WHAT YOU SHOULD DO: Copy the lines below exactly, starting with the first and finishing with the one holding "Vidaxl 6-delige paardentondeuseset 550 w"; do not copy the pictures.

DATASET EXCERPTS:
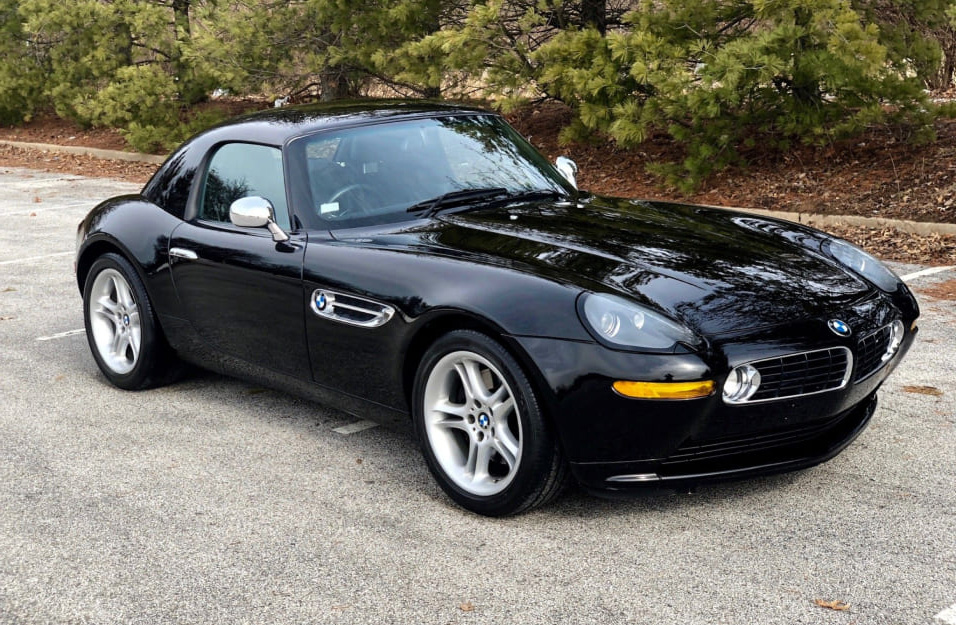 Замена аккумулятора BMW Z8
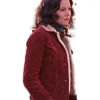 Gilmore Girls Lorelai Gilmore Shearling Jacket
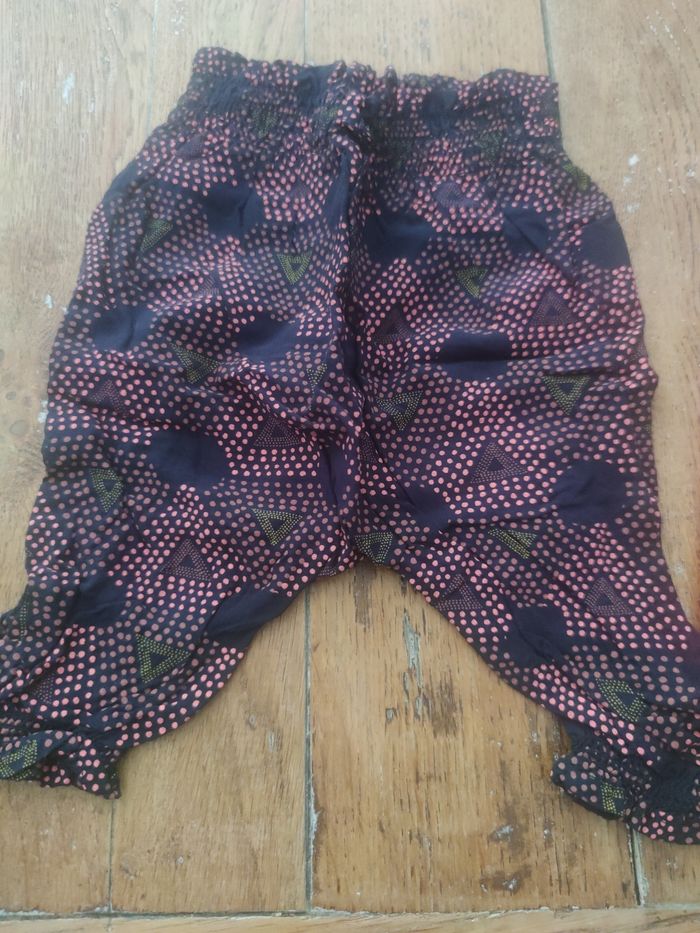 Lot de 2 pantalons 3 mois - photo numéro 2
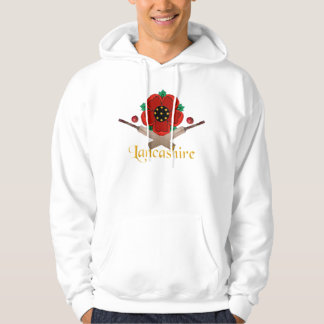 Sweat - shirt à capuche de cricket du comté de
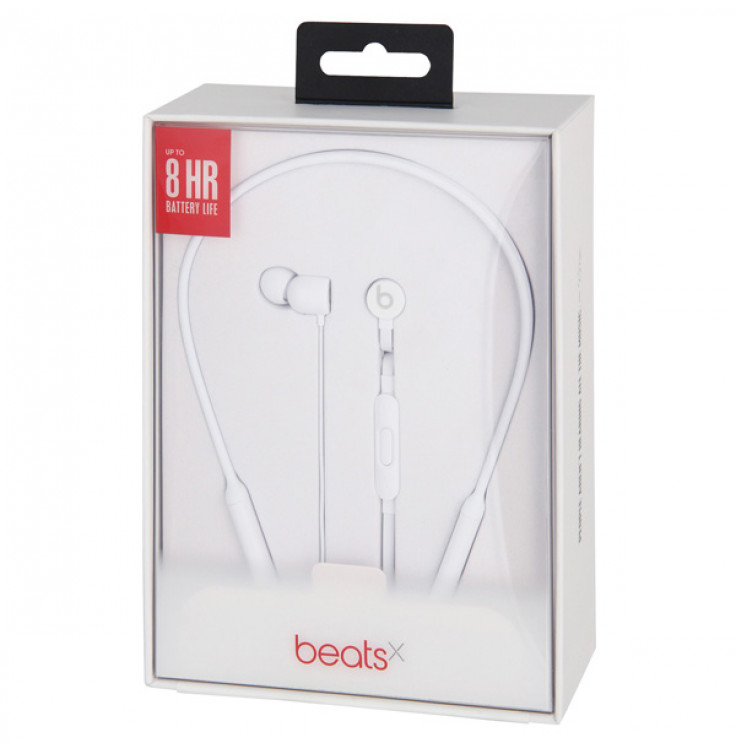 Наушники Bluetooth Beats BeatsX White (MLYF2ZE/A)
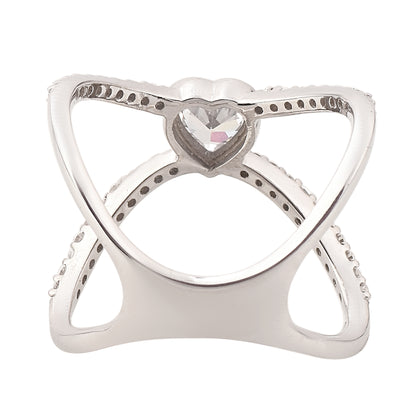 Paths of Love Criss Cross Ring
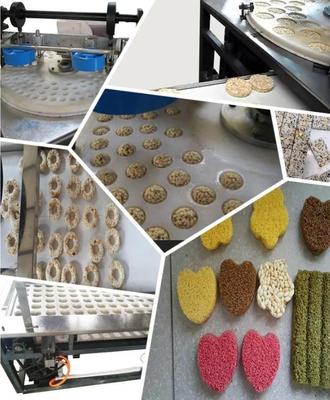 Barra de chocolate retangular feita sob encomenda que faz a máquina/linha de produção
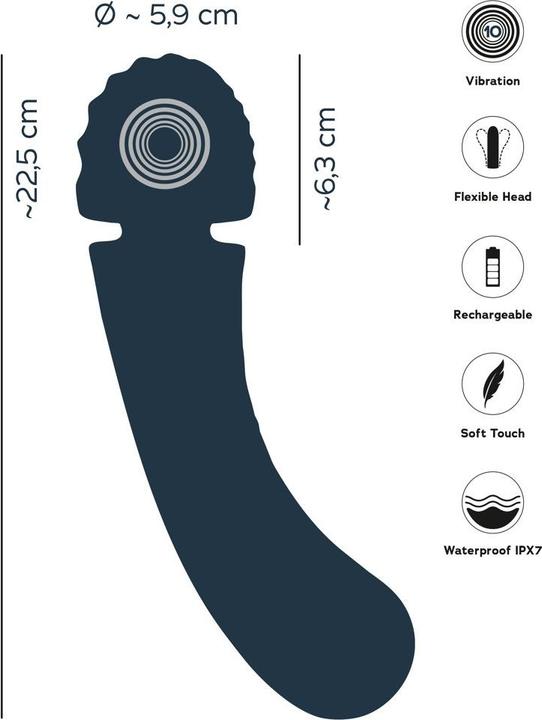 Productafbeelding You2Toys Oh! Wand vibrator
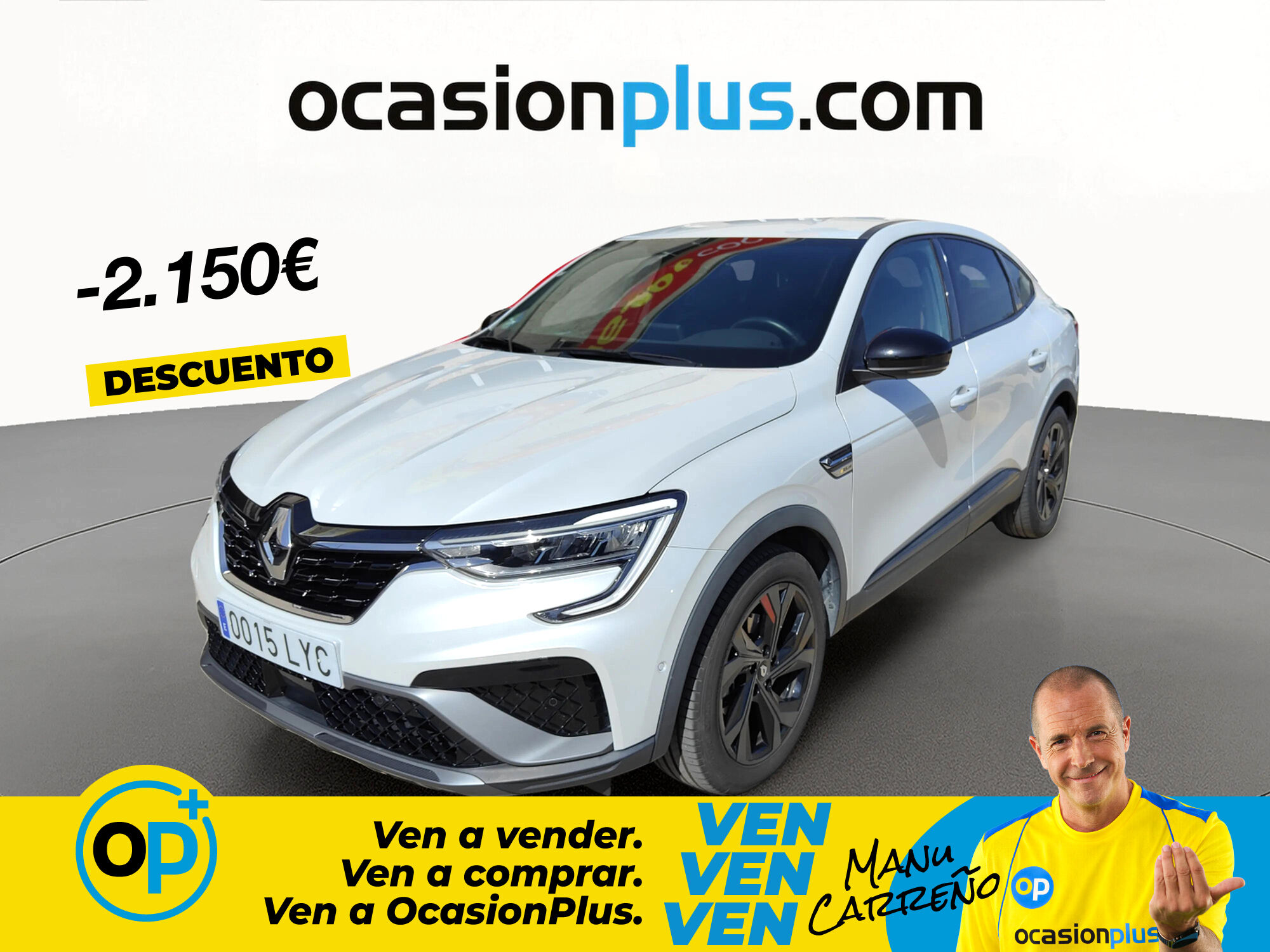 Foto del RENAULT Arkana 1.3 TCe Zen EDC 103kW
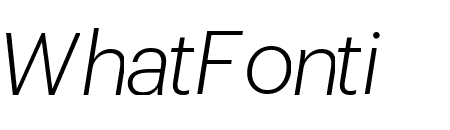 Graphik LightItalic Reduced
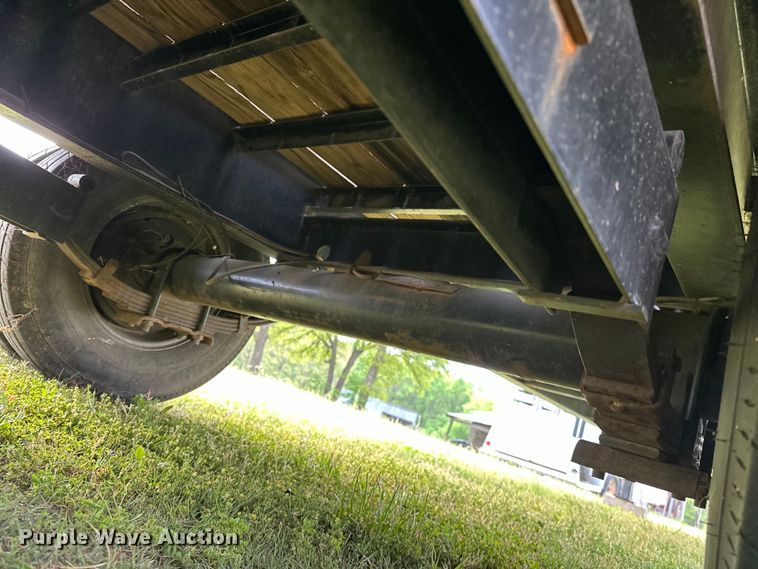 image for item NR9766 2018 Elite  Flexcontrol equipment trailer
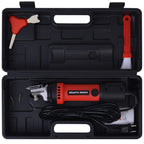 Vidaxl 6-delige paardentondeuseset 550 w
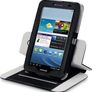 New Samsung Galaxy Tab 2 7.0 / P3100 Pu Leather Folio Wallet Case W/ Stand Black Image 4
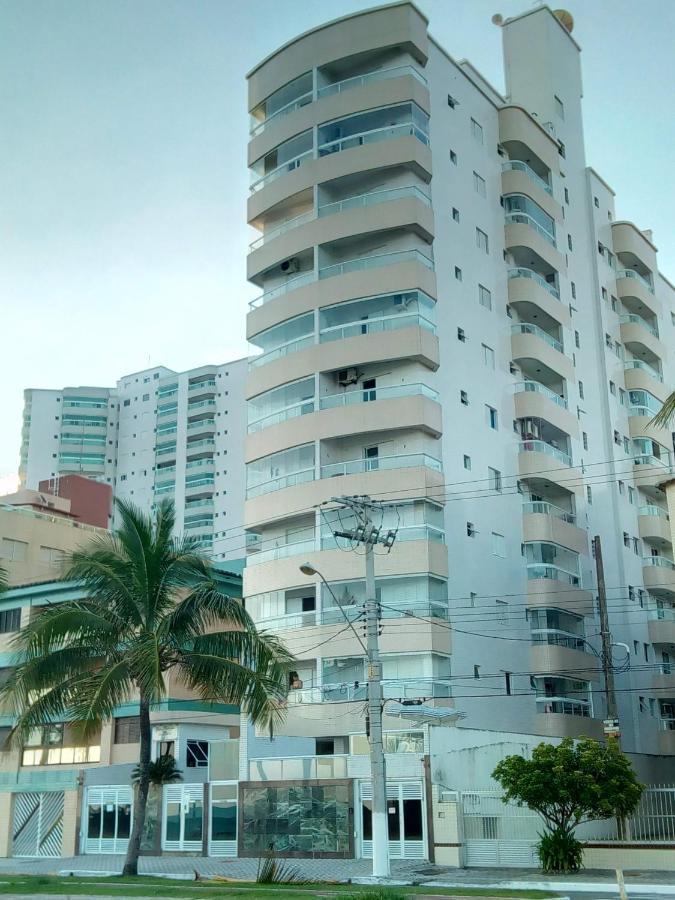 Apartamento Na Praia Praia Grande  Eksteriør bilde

EXPECTED ANSWER:
 Замена аккумулятора BMW Z8
 Gilmore Girls Lorelai Gilmore Shearling Jacket
 Lot de 2 pantalons 3 mois - photo numéro 2
 Sweat - shirt à capuche de cricket du comté de
 Наушники Bluetooth Beats BeatsX White (MLYF2ZE/A)
 Paths of Love Criss Cross Ring
 Barra de chocolate retangular feita sob encomenda que faz a máquina/linha de produção
 Productafbeelding You2Toys Oh! Wand vibrator
 Foto del RENAULT Arkana 1.3 TCe Zen EDC 103kW
 Graphik LightItalic Reduced
 image for item NR9766 2018 Elite  Flexcontrol equipment trailer
 Vidaxl 6-delige paardentondeuseset 550 w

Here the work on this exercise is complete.